┌─ SOURCE DATA

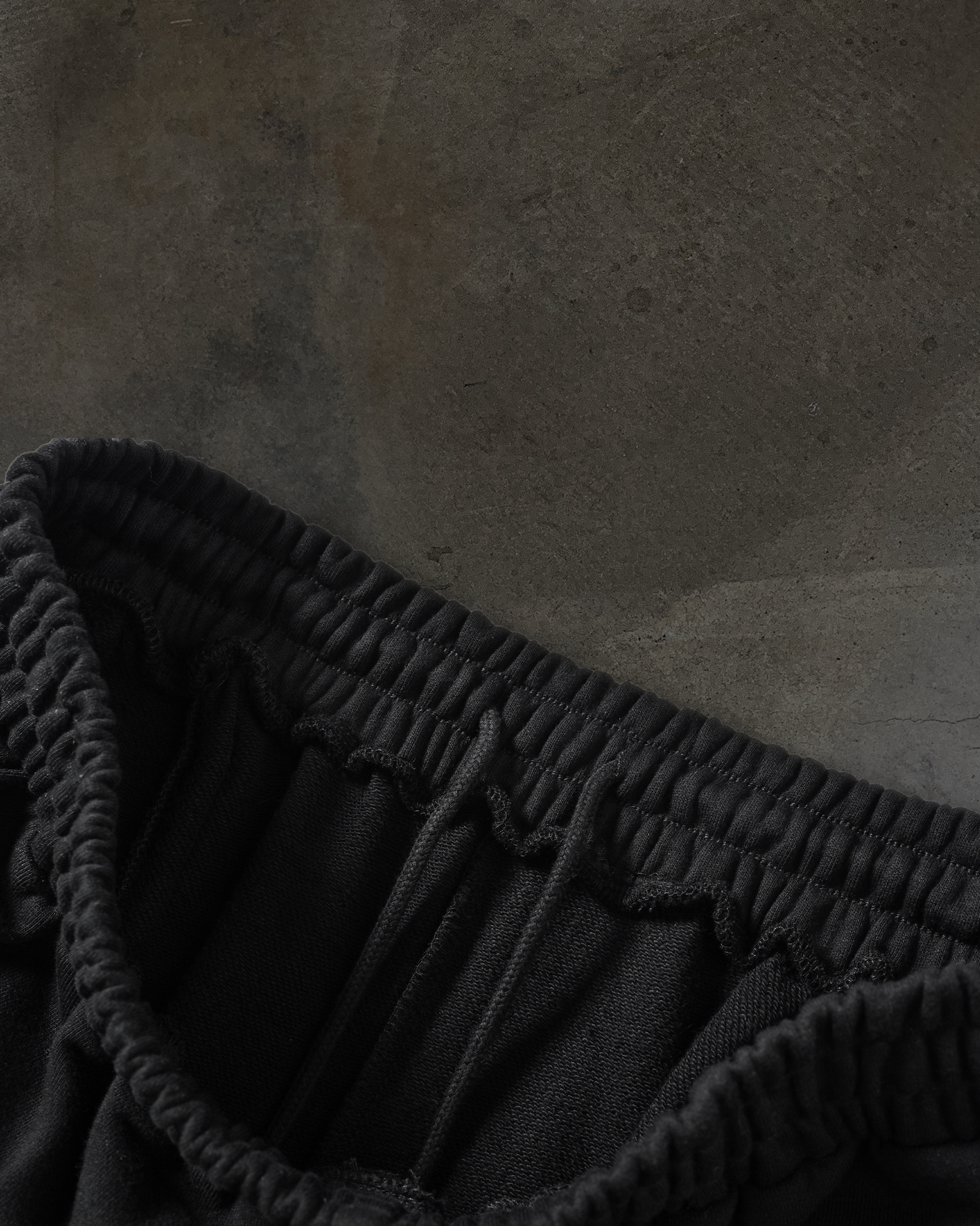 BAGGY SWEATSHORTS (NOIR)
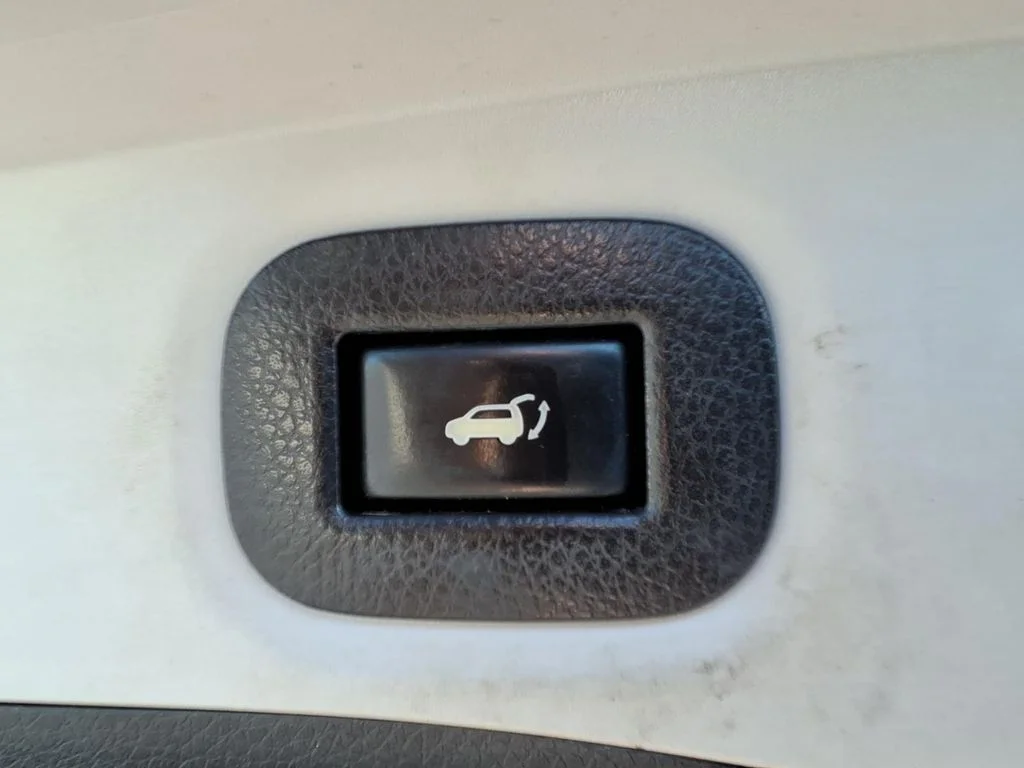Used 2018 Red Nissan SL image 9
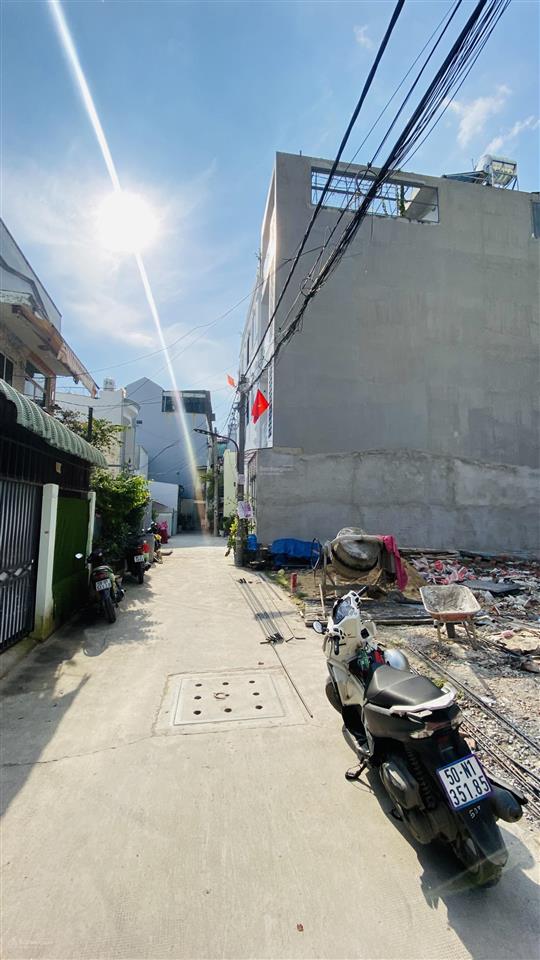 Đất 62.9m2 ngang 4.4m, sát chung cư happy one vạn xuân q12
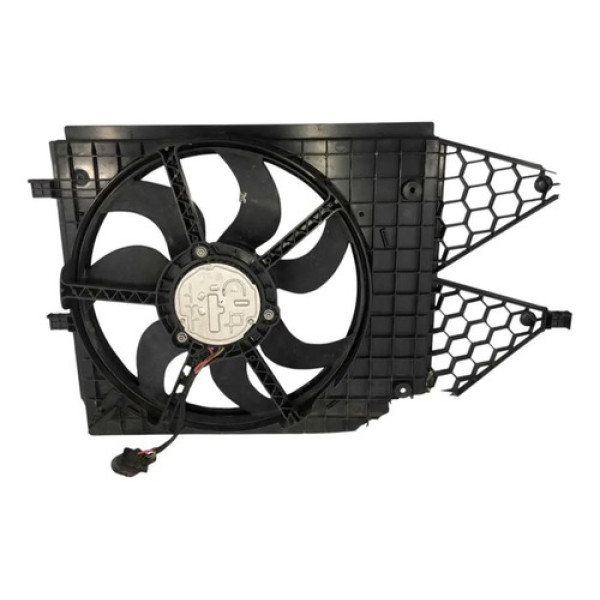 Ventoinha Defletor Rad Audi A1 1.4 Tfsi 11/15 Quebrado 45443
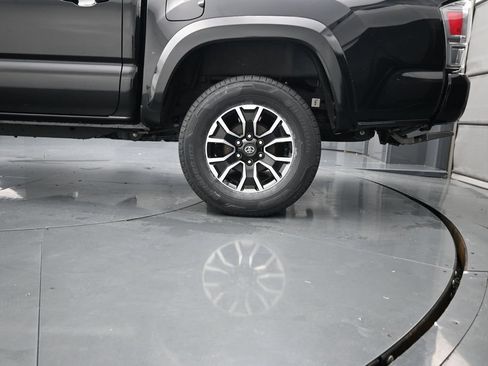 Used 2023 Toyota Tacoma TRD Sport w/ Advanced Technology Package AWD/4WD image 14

└─

Leave out the pictures and output every record above precisely as given.

* _TASK SOLUTION_
 BAGGY SWEATSHORTS (NOIR)
Used 2018 Red Nissan SL image 9
 Đất 62.9m2 ngang 4.4m, sát chung cư happy one vạn xuân q12
 Ventoinha Defletor Rad Audi A1 1.4 Tfsi 11/15 Quebrado 45443
 Used 2023 Toyota Tacoma TRD Sport w/ Advanced Technology Package AWD/4WD image 14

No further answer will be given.